May 27, 2012
0226 GERMANY - As if the time would keep standing
A very appropriate name for this artistic photo by Ingo Quake. As for colors, I like this combination of red and green, both intense. The photo provides too little detail to can indicate if it's made in Germany or elsewhere. The building is certainly old, not because the plaster is eaten by time, but rather because the windows are placed quite low. A little odd is that the plaster is unkempt, but the exterior shutters seem to be recently painted. The curtains suggests 19th century on the one hand, and on the other that the house is probably inhabited by older people.
A brief parenthesis about the shutters. Technically a shutter is either a solid or slated window cover. Probably that the first shutters originated from ancient Greece, and that they were originally designed for light control, ventilation and protection from the elements. Until the 20th century it have been used widely, both in urban and rural areas, both inside and outside windows, both functional and decorative purposes. Functional shutters have traditionally been constructed from solid woods, to endure outside elements. In many European countries were brightly coloured , creating a contrast with the rest of the façade. Almost all the architectural styles used shutters, in one form or another.

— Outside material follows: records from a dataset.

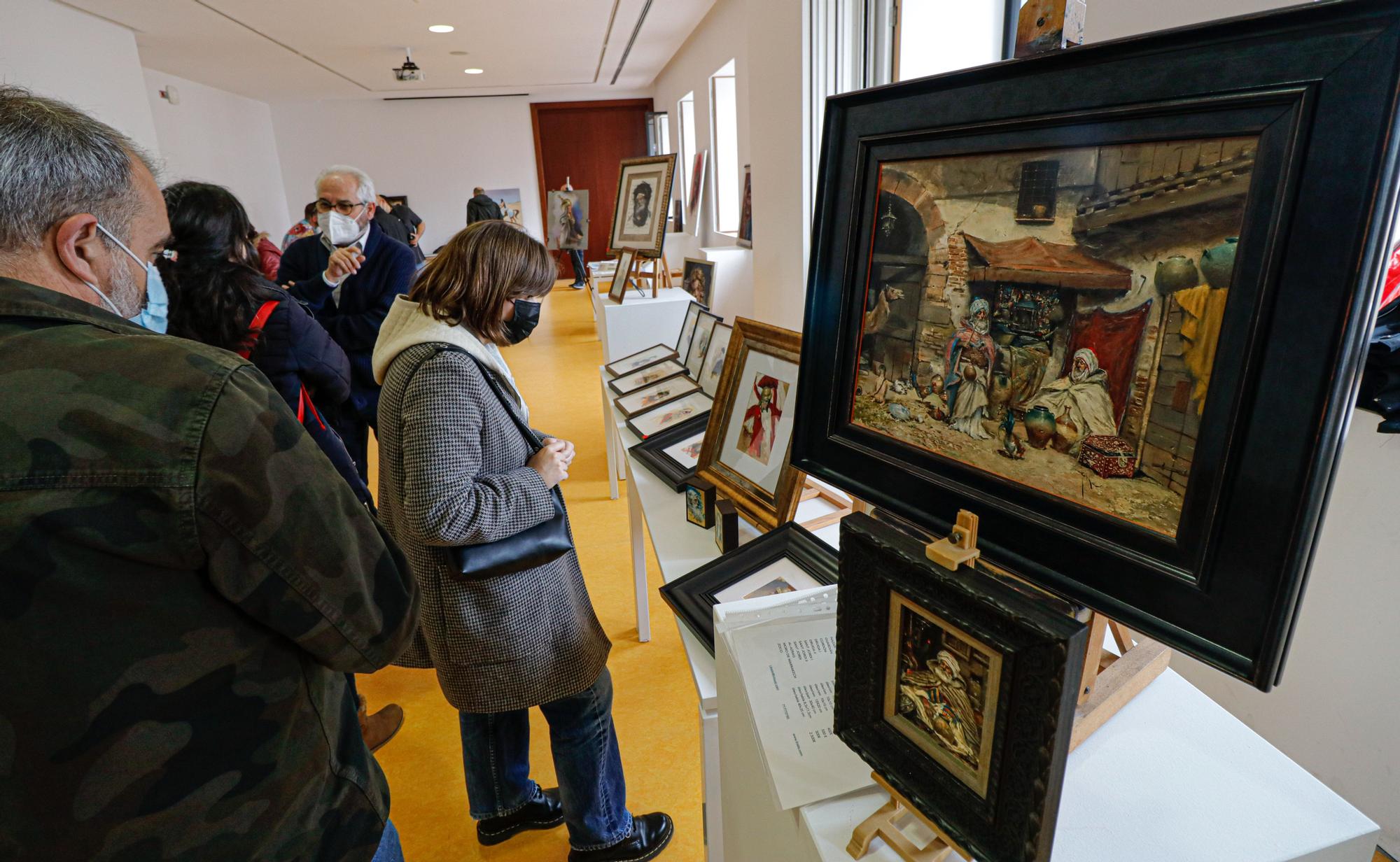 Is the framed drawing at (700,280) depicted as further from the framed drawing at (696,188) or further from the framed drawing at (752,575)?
the framed drawing at (696,188)

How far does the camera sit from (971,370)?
714 mm

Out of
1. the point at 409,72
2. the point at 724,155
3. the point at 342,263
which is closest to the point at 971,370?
the point at 342,263

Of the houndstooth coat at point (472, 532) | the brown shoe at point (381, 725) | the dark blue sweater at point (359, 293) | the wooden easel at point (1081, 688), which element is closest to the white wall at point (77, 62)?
the dark blue sweater at point (359, 293)

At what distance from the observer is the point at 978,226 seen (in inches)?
26.9

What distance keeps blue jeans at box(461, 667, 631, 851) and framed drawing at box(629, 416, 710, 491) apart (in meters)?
0.59

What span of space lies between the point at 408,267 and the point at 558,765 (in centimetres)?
217

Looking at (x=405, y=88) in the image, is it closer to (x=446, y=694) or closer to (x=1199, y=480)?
(x=446, y=694)

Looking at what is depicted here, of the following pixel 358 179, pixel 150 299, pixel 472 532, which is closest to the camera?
pixel 150 299

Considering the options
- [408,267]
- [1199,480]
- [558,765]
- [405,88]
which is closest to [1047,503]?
[1199,480]

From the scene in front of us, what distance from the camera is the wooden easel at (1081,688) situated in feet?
2.09

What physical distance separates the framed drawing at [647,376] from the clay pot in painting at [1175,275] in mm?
2223

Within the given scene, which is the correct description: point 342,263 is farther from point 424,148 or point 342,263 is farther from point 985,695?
point 424,148

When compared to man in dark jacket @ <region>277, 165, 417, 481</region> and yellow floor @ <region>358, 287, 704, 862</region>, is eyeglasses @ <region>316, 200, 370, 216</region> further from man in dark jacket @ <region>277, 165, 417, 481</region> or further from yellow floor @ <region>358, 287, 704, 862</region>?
yellow floor @ <region>358, 287, 704, 862</region>

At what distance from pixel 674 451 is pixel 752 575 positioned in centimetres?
83
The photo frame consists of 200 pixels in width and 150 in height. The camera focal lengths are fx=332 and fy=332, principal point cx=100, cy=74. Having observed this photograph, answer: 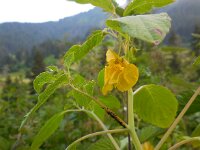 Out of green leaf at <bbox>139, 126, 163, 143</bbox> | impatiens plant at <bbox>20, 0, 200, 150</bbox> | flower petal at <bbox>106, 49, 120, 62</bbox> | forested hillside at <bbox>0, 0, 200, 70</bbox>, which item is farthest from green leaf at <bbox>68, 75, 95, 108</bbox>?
forested hillside at <bbox>0, 0, 200, 70</bbox>

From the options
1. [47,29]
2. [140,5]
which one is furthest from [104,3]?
[47,29]

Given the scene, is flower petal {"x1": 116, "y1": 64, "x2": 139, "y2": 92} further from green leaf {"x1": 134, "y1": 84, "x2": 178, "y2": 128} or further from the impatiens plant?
green leaf {"x1": 134, "y1": 84, "x2": 178, "y2": 128}

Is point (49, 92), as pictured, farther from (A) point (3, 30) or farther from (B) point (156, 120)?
(A) point (3, 30)

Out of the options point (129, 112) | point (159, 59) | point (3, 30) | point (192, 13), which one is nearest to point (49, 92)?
point (129, 112)

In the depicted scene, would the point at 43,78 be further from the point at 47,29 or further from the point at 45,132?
the point at 47,29

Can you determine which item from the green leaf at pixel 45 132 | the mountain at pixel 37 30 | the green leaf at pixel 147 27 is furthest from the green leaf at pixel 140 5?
the mountain at pixel 37 30

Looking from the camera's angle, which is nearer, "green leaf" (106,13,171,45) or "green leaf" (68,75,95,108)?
"green leaf" (106,13,171,45)

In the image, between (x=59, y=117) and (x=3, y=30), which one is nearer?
(x=59, y=117)

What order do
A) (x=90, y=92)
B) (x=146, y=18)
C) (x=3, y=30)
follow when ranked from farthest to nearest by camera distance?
1. (x=3, y=30)
2. (x=90, y=92)
3. (x=146, y=18) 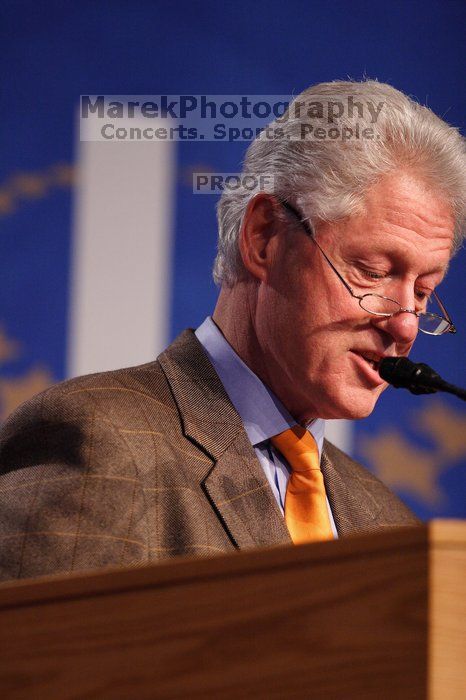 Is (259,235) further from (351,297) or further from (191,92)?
(191,92)

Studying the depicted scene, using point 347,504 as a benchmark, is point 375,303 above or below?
above

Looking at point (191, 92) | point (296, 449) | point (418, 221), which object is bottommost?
point (296, 449)

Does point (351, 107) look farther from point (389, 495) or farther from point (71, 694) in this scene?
point (71, 694)

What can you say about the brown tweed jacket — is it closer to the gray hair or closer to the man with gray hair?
the man with gray hair

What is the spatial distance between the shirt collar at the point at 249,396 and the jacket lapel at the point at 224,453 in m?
0.03

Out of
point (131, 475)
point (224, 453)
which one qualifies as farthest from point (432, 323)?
point (131, 475)

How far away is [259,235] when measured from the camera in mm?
1698

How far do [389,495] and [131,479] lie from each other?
78 centimetres

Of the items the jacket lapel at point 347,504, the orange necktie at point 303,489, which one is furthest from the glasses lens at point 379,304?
the jacket lapel at point 347,504

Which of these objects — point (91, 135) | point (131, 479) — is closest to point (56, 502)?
point (131, 479)

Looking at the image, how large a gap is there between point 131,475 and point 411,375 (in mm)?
410

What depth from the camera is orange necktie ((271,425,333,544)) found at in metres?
1.58

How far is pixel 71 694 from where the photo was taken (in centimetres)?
84

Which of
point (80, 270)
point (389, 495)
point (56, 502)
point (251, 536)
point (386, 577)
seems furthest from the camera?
point (80, 270) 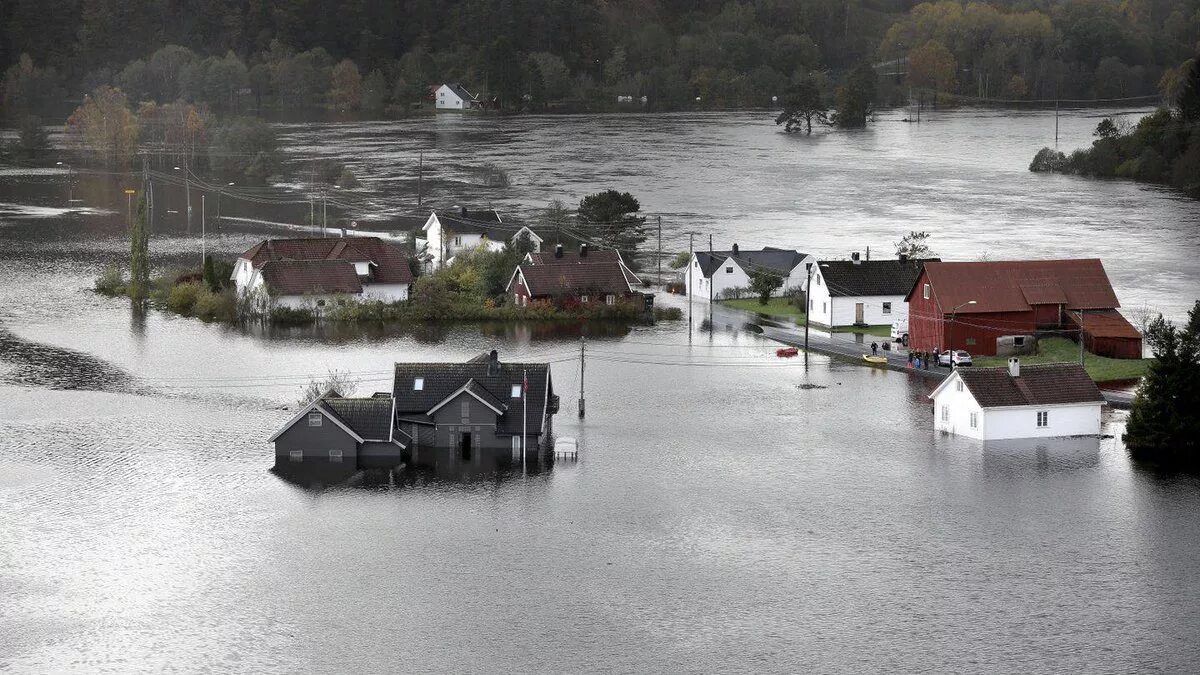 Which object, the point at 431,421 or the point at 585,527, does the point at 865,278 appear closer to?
the point at 431,421

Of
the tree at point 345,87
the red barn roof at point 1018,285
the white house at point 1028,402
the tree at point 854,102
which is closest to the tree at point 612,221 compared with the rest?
the red barn roof at point 1018,285

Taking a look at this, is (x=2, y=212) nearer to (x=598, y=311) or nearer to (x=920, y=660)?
(x=598, y=311)

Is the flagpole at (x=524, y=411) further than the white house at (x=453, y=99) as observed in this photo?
No

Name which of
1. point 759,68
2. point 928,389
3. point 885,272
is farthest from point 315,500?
point 759,68

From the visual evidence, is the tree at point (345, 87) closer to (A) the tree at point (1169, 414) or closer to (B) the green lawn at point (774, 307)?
(B) the green lawn at point (774, 307)

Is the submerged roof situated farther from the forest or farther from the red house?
the forest

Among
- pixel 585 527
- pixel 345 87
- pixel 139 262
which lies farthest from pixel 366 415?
pixel 345 87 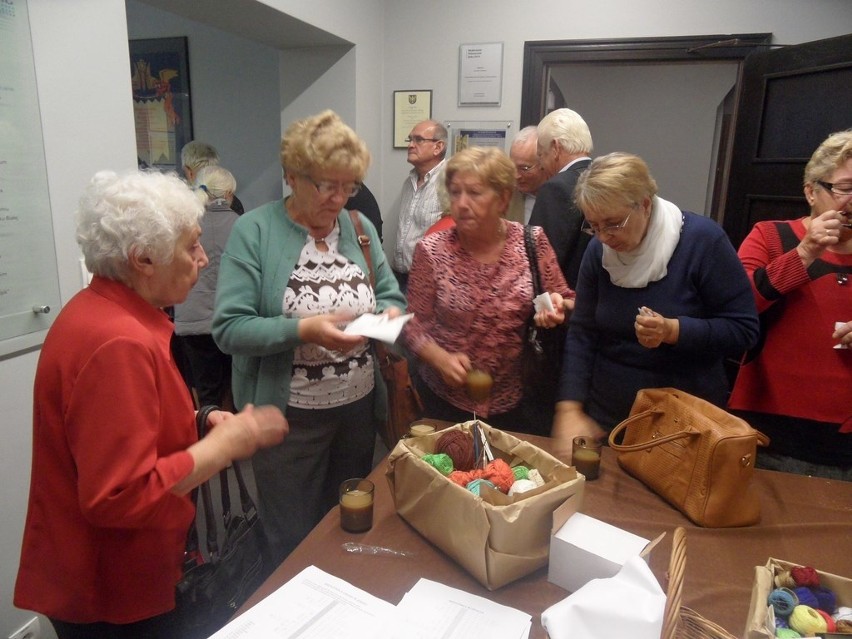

In my childhood, by 1960-1970, in Ploieşti, the city where I was born, only few small and old stores (prăvălii) had shutters, which remained as before the war. The goal of these shutters was only to protect against theft, and they were closed when the stores finish their program. From there survived the Romanian ironic slang expression, rarely used now, "a trage obloanele" (literally "to pull the shutters"), meaning, "to close, temporarily or permanently", or (for human beings), "to die".
About the stamp, illustrating St. Peter's Cathedral of Regensburg, I wrote here.
sender: Kristin / SuperTINE (postcrossing)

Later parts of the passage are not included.